*** Stored data ***
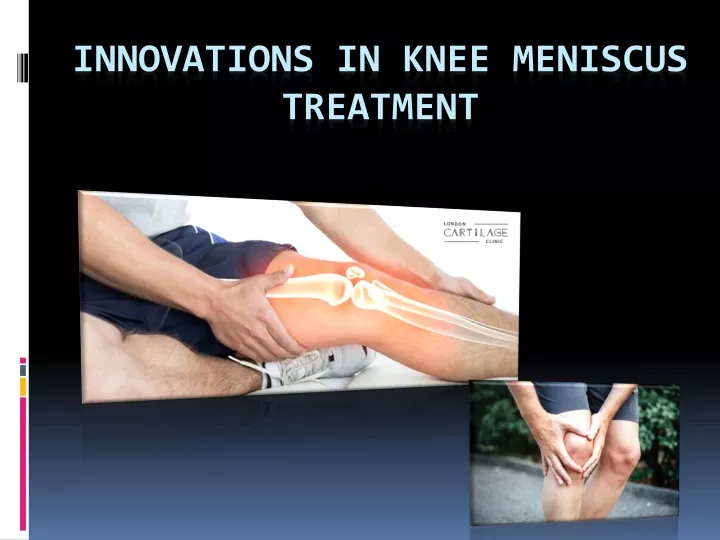 innovations in knee meniscus treatment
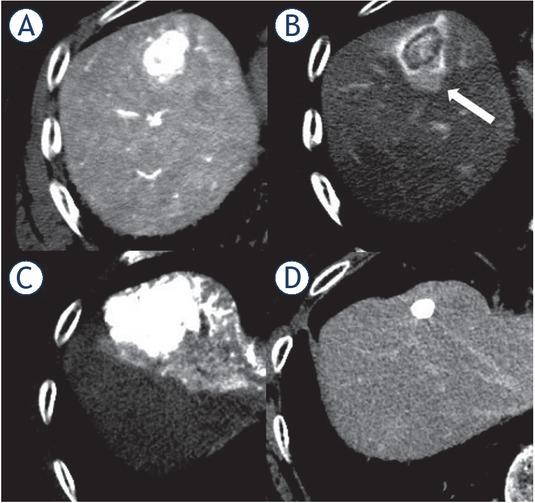 Complete response after transcatheter arterial chemoembolization (TACE) in a 77-year-old patient with a hepatocellular carcinoma. (A) Early-phase computed tomography during hepatic arteriography (CTHA) demonstrated a hypervacular nodule in S4. (B) Late-phase CTHA demonstrated the corona enhancement around the tumor (white arrow). (C) Non-contrast-enhanced computed tomography performed immediately after TACE showed dense accumulation of iodized oil beyond corona enhancement area. (D) Contrast-enhanced computed tomography performed 15 months after TACE showed no enhancement around the tumor.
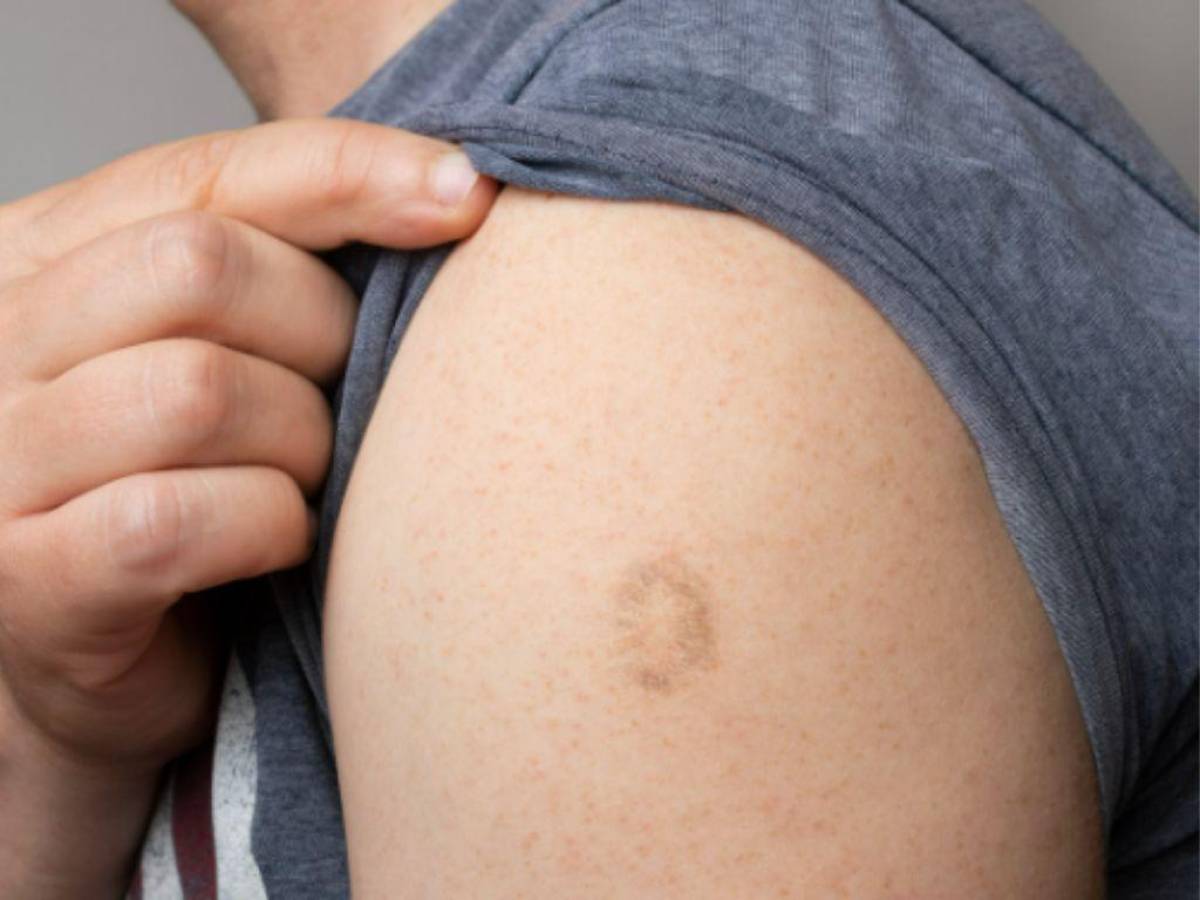 Las personas con esta cicatriz de vacuna en el brazo podrían estar inmunes a la viruela del mono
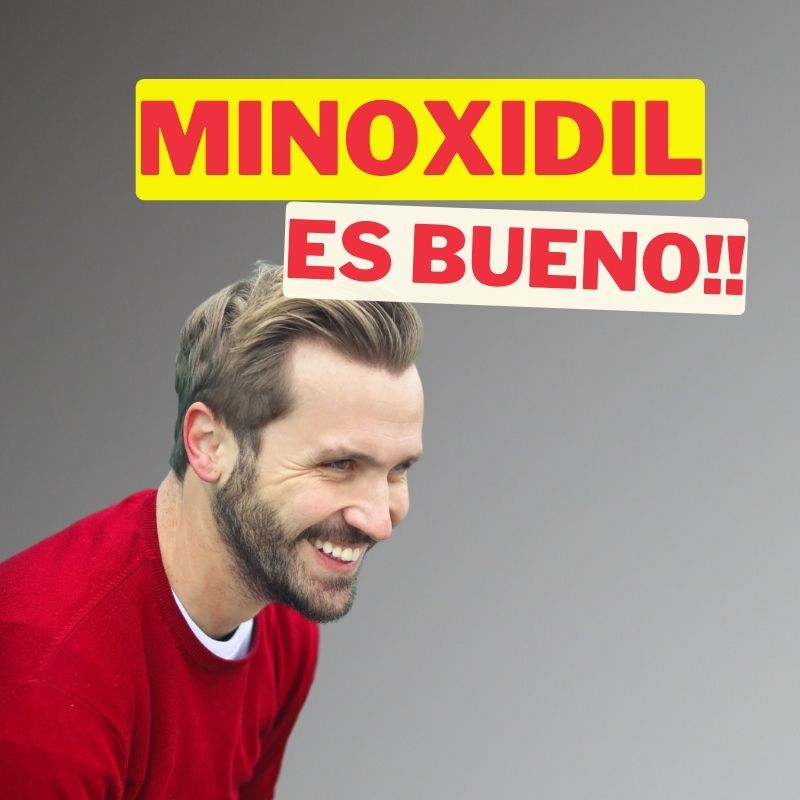 Minoxidil es malo para la salud: ¿Mito o realidad? Descubre la verdad aquí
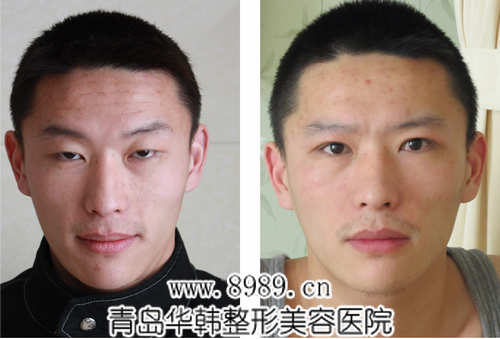陽(yáng)光上瞼下垂矯正前后對(duì)比照片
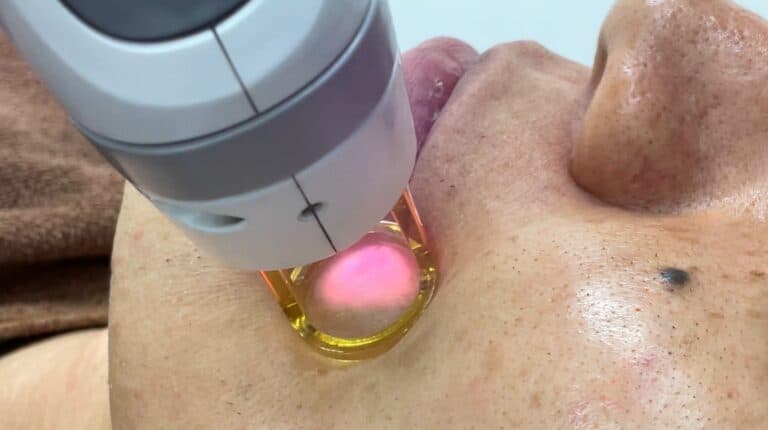 ⑦レーザー照射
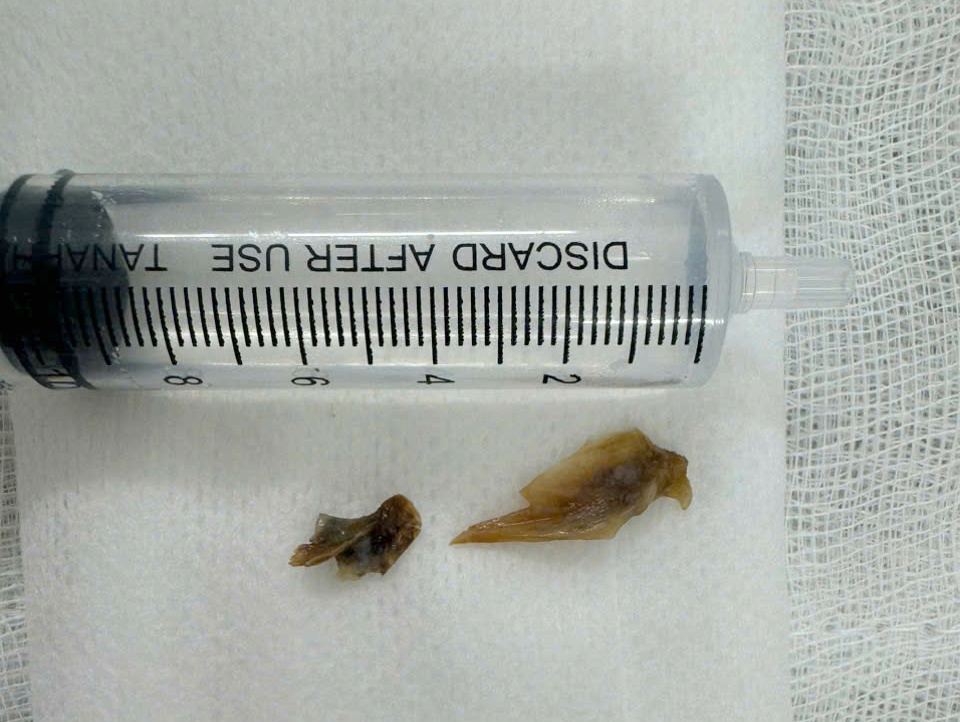 Nội soi phế quản ống mềm lấy thành công 2 mẫu xương trong phổi của bệnh nhân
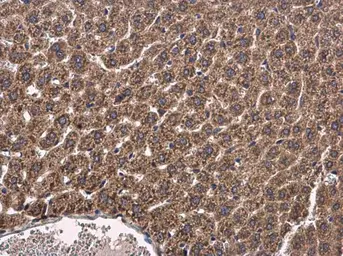 Anti-CYP2R1 antibody [N1C2] used in IHC (Paraffin sections) (IHC-P). GTX110050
*** End of Stored data ***
** Assignment **
Are you able to set down all the lines above exactly, without any pictures?

** Solution below **
 innovations in knee meniscus treatment
 Complete response after transcatheter arterial chemoembolization (TACE) in a 77-year-old patient with a hepatocellular carcinoma. (A) Early-phase computed tomography during hepatic arteriography (CTHA) demonstrated a hypervacular nodule in S4. (B) Late-phase CTHA demonstrated the corona enhancement around the tumor (white arrow). (C) Non-contrast-enhanced computed tomography performed immediately after TACE showed dense accumulation of iodized oil beyond corona enhancement area. (D) Contrast-enhanced computed tomography performed 15 months after TACE showed no enhancement around the tumor.
 Las personas con esta cicatriz de vacuna en el brazo podrían estar inmunes a la viruela del mono
 Minoxidil es malo para la salud: ¿Mito o realidad? Descubre la verdad aquí
陽(yáng)光上瞼下垂矯正前后對(duì)比照片
 ⑦レーザー照射
 Nội soi phế quản ống mềm lấy thành công 2 mẫu xương trong phổi của bệnh nhân
 Anti-CYP2R1 antibody [N1C2] used in IHC (Paraffin sections) (IHC-P). GTX110050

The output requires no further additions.